The most ideal way for firms to pursue corporate growth has long been of interest to executives, business consultants, and researchers alike. And, although no true consensus exists, the adoption of “real options” as a tool to stage a firm’s investments over time has proven to be successful.
Perhaps the best way to illustrate how real options function is by way of an example: Let us assume that company A is interested in acquiring company B, because the latter holds capabilities that would enhance company A’s competitive advantage. However, these capabilities are not yet fully developed and a few kinks must be sorted out before they are ready to be operational. Rather than buying company B straight away, company A may opt to enter into a joint venture with company B. At that time, company A could also obtain the right to buy out company B at a set price, once the uncertainty surrounding the investment is cleared. The advantages of this tactic are twofold: First, the initial investment is scaled down, which reduces exit costs if company B fails to deliver on its promises. Second, should company B succeed in its endeavors, company A will be able to buy it out at the agreed price with no residual risk.
This example demonstrates that real options are useful when there is uncertainty regarding the future of an investment. Under these circumstances, managers should seek preliminary cooperative agreements with targeted partners and then decide how to proceed – i.e., whether to abandon, stay the course, or double down – once more information becomes available to them.
One does not have to look far to observe the implementation of real options. For instance, Motorola has a business-unit, Motorola Mobility Ventures, dedicated to finding innovative companies with which to form strategic alliances. The target companies must operate in Telecommunications, Digital Media & Entertainment, or Information Technology (IT). Motorola Mobility Ventures typically acquires only about five percent of the companies in its VC portfolio. It nurtures them and helps them to fully develop their potential. These joint ventures are seen as an initial step toward a more intensive collaboration which allows either company to advance its knowledge while splitting the high costs inherent in the R&D process. After an “incubation period,” Motorola assesses whether to acquire the ally or to sell it. For example, Orthogon Systems was fully acquired by Motorola in 2006 and Cedar Point Communications was sold to Genband in 2011.
As another example of the application of real options, resource-rich Russia has received investments from multinationals, since reforming its foreign direct investment policy, such as British Petroleum of the United Kingdom and Shell of the United States. However, although these companies hold the required knowledge and capital to operate independently in Russia, the extreme political risk of the country has caused them to prefer cooperative agreements with state-owned Roseneft and Gazprom over wholly-owned operations.
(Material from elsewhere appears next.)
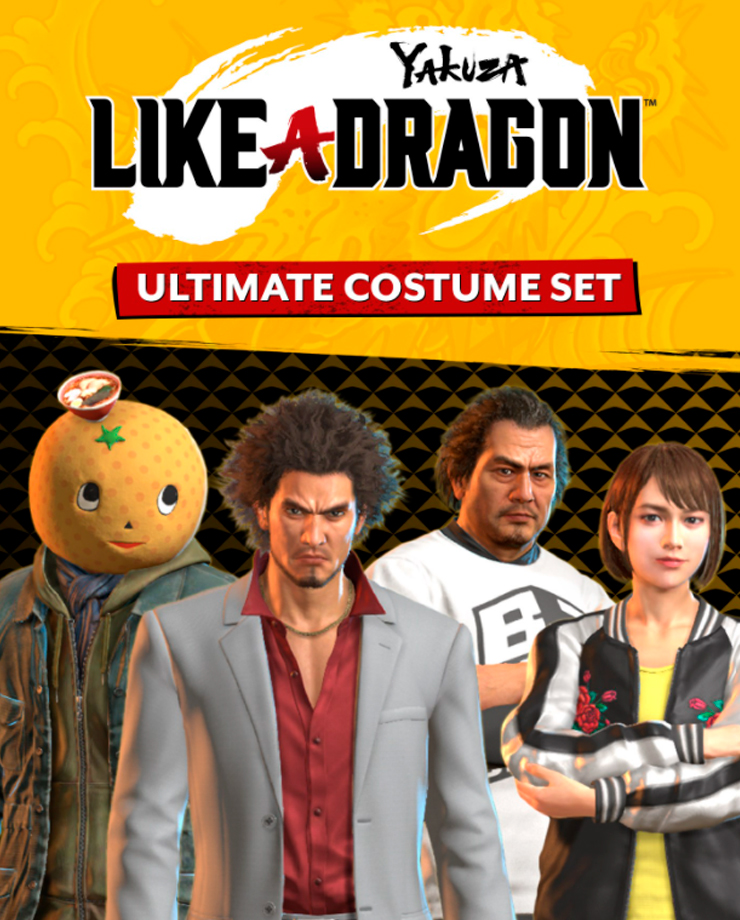 

Игра Yakuza: Like a Dragon Ultimate Costume Set для ПК (Ключ активации Steam)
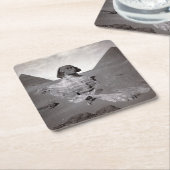 Grote Sfinx & Gizeh Piramides Necropolis Egypte Kartonnen Onderzetters (Schuin)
In 2006, Shell was forced to hand over its controlling stake in a liquefied gas project to Gazprom and the agreement between BP and Rosfnet broke down. Therefore, while political forces ultimately pushed both BP and Shell out of Russia, the two companies were able to limit their losses by staging their investments in the country.
These examples highlight the distinct advantages of a real-option based approach to corporate investments. Yet, in a research project that is being developed through a collaboration between IE Business School in Madrid, Spain and the University of Texas at Dallas, in the United States, we study the use of staged investments à la real options as precursors to Mergers and Acquisitions (M&A). We examine a very large dataset of 24,440 global acquisitions in 140 countries during the 16 years between 1995 and 2010 and find that firms executed acquisitions through staged investments in only 1.2 percent of all deals. This suggests that acquirers rarely follow a real option approach before they go on to buy their targets. But then why such dismal numbers despite the stated benefits of real options?
To the extent that real options attempt to mimic the advantages of financial options, one should consider how appropriate the parallel between financial and real assets truly is. Our study uncovers a number of faults in this comparison. First, financial options depend upon an underlying security whose value can be easily tracked over time through equity markets. With real options this feature simply does not hold, as the sources of variance are manifold and far more difficult to track. Second, companies pursue M&A for the purpose of creating synergies that would be unavailable if buyers and sellers did not integrate. Thus the value of the target cannot be determined in isolation, as with financial options, but must be arrived at through the evaluations of the synergetic potential of the transaction. In turn, this point complicates the process of establishing an agreeable strike price for the real option embedded in a deal. Third, the flexibility to abandon a poor investment is often described as one of the most important advantages of real options. This flexibility rests on the assumption that the asset to be abandoned is highly liquid (as in the case of most financial options). However, real assets are seldom as liquid as financial ones. As a result, it may be much more difficult for a firm to abandon its initial investment at a fair price than it would be for financial option holders to liquidate their positions. Finally, when a firm chooses to enter into joint ventures as precursors to M&A, it may create a situation in which the incentives of the partner’s managers change in unexpected ways. For example, these managers may maximize the likelihood of their short-term gains and forgo decisions that could be in the long-term interest of their future acquirers. In turn, this behavior might artificially affect the value of the joint venture and cause acquirers to make additional investment decisions based on incomplete information.